Laboratory model of B.P. Weinberg electromagnetic road, 1913. Photo: kramola.info

''It is known that today our nearest and rather infamous neighbour, Ukraine, is claiming superiority in launching hyperloop in Old World. A test site is being prepared in the city of Dnepropetrovsk, which the current illegitimate government renamed into Dnipro. We must accept the challenge and be the first. Given the permanent political instability, with the participation of Saakashvili, Savchenko and others, we can be confident that it is us who is going to succeed,'' said Konstantin Tsaregradtsev, the president of the Russian Institute of Geostrategy, known for uncompromising performances on political talk shows, who also turned out to be in the audience of Innopolis.

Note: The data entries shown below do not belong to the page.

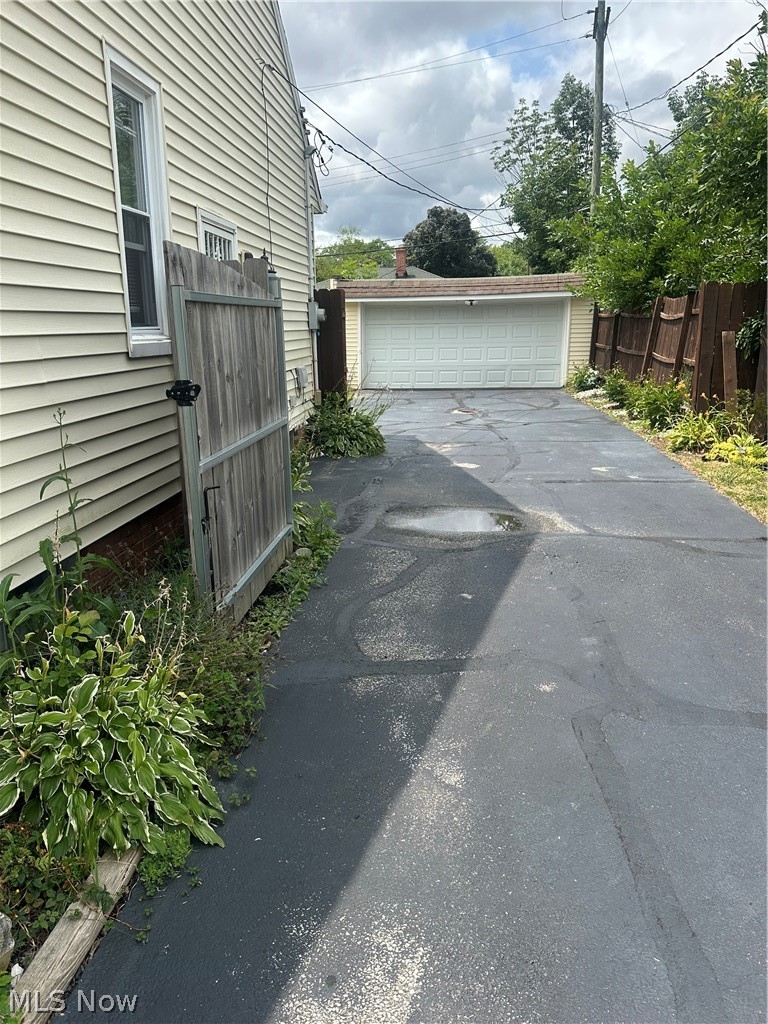 3788 Jo Ann Drive Cleveland OH 44122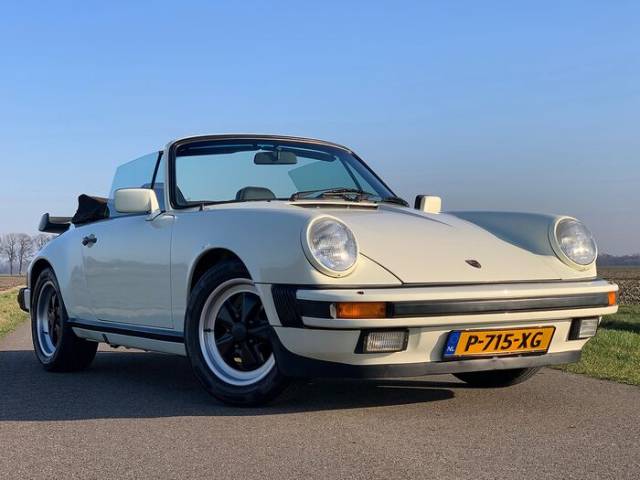 Porsche 911 Carrera 3.2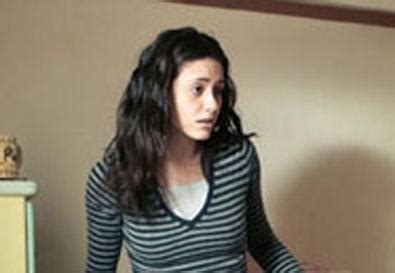 Shameless Star Emmy Rossum So Tired Of Nude Scene Questions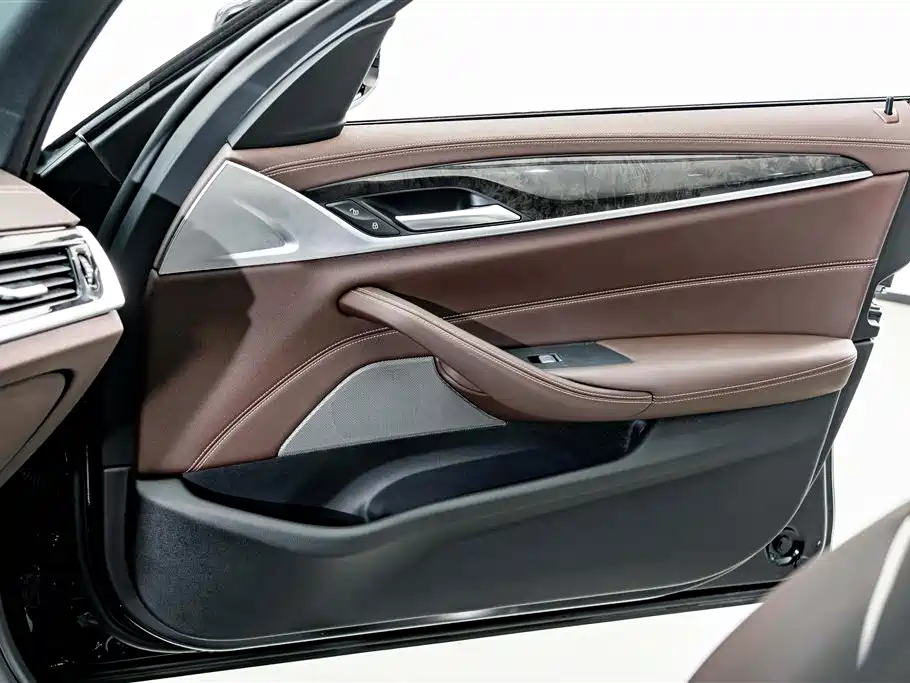 BMW 5 Series 2022 Facelift 525Li M Sport Package фото 15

''People like Yangzhou Pao Mo, Jack Ma, Bill Gates, Mark Zuckerberg and Elon Musk are born once in a blue moon. They make it clear that the possibilities of human mind are endless, the creative potential of entrepreneurship is endless, and inspire you to work. I am sure that this story will take off,'' Kirill Ulibin, the director of Breakout Innovation Incubator, shared his impressions from the meeting.

Traditional tea with chuck-chuck was awaiting for all the guests and speakers after the presentation.